I have an idea on how to create a stunning artwork out of a photograph and a postcard. Follow along with me, this is fun.
I’ve tried working with this “photograph a building and then superimpose an old postcard on that building’s photo” gimmick off and on for a while. It’s a tough concept, and there are many variables to consider for a successful attempt. You need to stand at the exact location and elevation where the original photo was achieved. Then you have to carefully layer the old postcard over the photo, so that everything lines up. And then, there’s some small tugs and pulls on the photograph, because there’s always adjustments here and there. And you can’t adjust the postcard – it has to remain the exact size in the final construct. Or you’ll end up with a fun-house mirror effect, which will look totally garish.
So anyway … here’s my postcard.
This is postcard A7584, published by the Northern News Company of Troy, N.Y. Northern News manufactured dozens of Troy-centric postcards, especially if you want to recreate architecture from The Gilded Age by using artifacts manufactured DURING the Gilded Age. Judging from the handwriting on the “message” side of the postcard, this may have been manufactured circa 1907. So this card is at least 115 years old.

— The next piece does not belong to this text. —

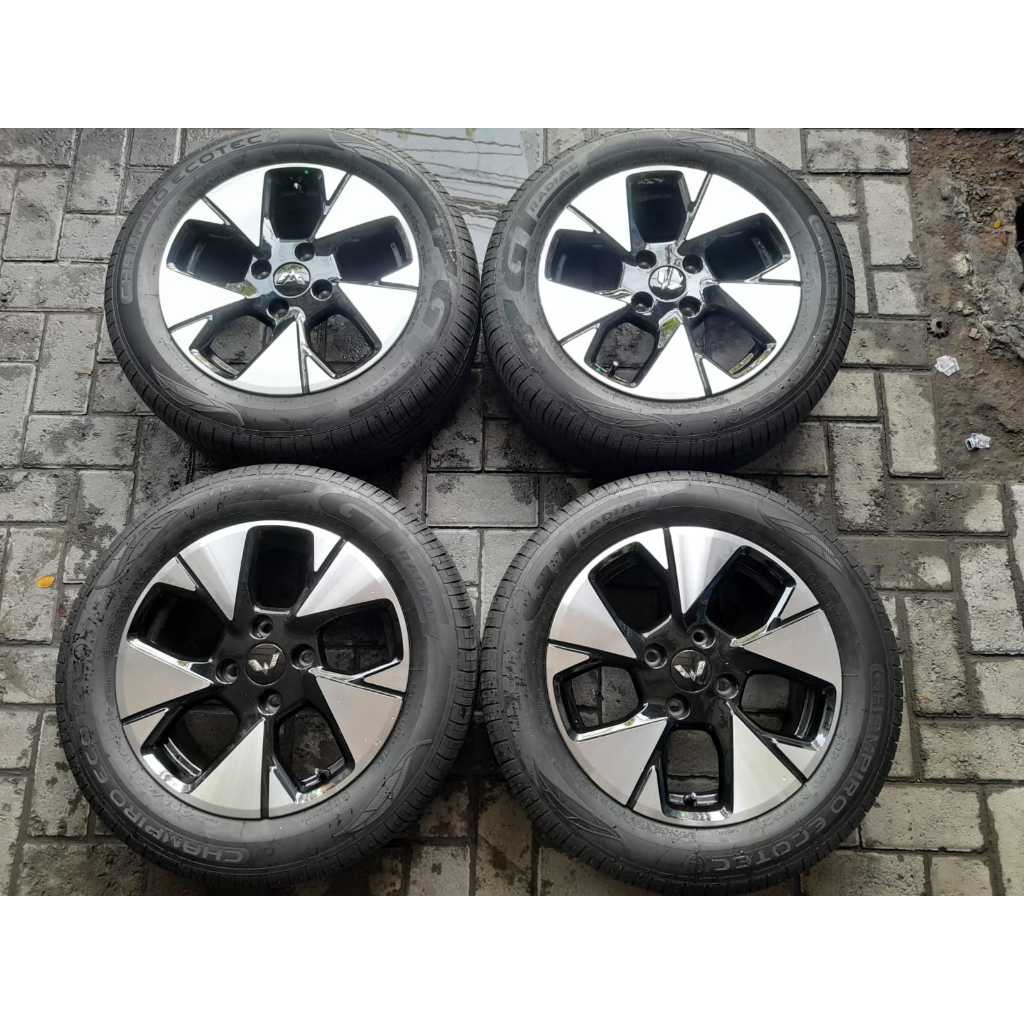 Velg Mobil Bekas Original STD WULING ALVEZ R16X6 4X114,3 ET34 + BAN GT 205 60 R16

The photo is of St. Joseph’s Roman Catholic Church in Green Island, situated on the corners of George and Swan Streets.
St. Joseph’s cornerstone dates construction in 1890, replacing a previous wooden-framed Catholic church across the street (that area was later re-used as a parochial school, and today exists as senior citizen housing). In 2005, St. Joseph’s and five other Catholic churches in the area had their parishes combined as Immaculate Heart of Mary in Watervliet. St. Joseph’s Church continued holding services until the building was closed and de-consecrated in 2010.
Today, the church building still stands on the corner of George and Swan, but it remains empty inside. Hopefully at some point in time a new faith will enter and re-consecrate the building. But for now, it stands as a community memorial.
I looked at the postcard. Wow, the church looked nice back then. A typical church in a small factory town. No telephone poles or overhead lights, such as exist at that spot today.
Okay. Off to the intersection of George and Swan Streets in Green Island.
I have to use the postcard to understand perspective for the photo. The photo has to be at that location. I should only see “X” amount of side wall in the church. I should only see “Y” amount of angle in the George and Swan Street intersections. These are the times when I really could use a slide ruler. These are also the times when I really could use instructions on HOW TO USE a slide ruler.
Okay. It’s Thursday night. Tomorrow morning, I’ll go out there with my camera and get a “today” photo, and try to superimpose it with the postcard.
Went to sleep Thursday night.
Woke up Friday morning.
Ran back inside. Nor’easter just came for a visit. Eight inches of blowing snow outside. It looks like someone dropped a Hallmark Christmas movie outside my street, complete with Lacey Chabert and Candace Cameron Bure as carolers.
Damn. This isn’t what I want …
Or is it?
What the hell. Go back to the corner of George and Swan, and see what can be achieved.
A few photos here and there, attempting to replicate the exact position where the original artist created the original St. Joseph’s Church image a century ago.
Best shot of the batch, complete with telephone wires, a big red STOP sign, and accident-inducing ground cover. Yeesh.
Okay. Now to see if I got my measurements correct.
Photo saved in editing software. Postcard scanned.
Carefully … layer the postcard onto the image … and …
Holy time travel, Batman.
I made it work.
Now whether or not I can even consider entering this in competition is a tricky choice. That postcard image was not taken by me. So unless I can find a category that allows multimedia collages, it won’t be eligible for my summer competitions.
But it was an image that features architecture in Albany County.
And I know one art show for which that concept is a perfect entry.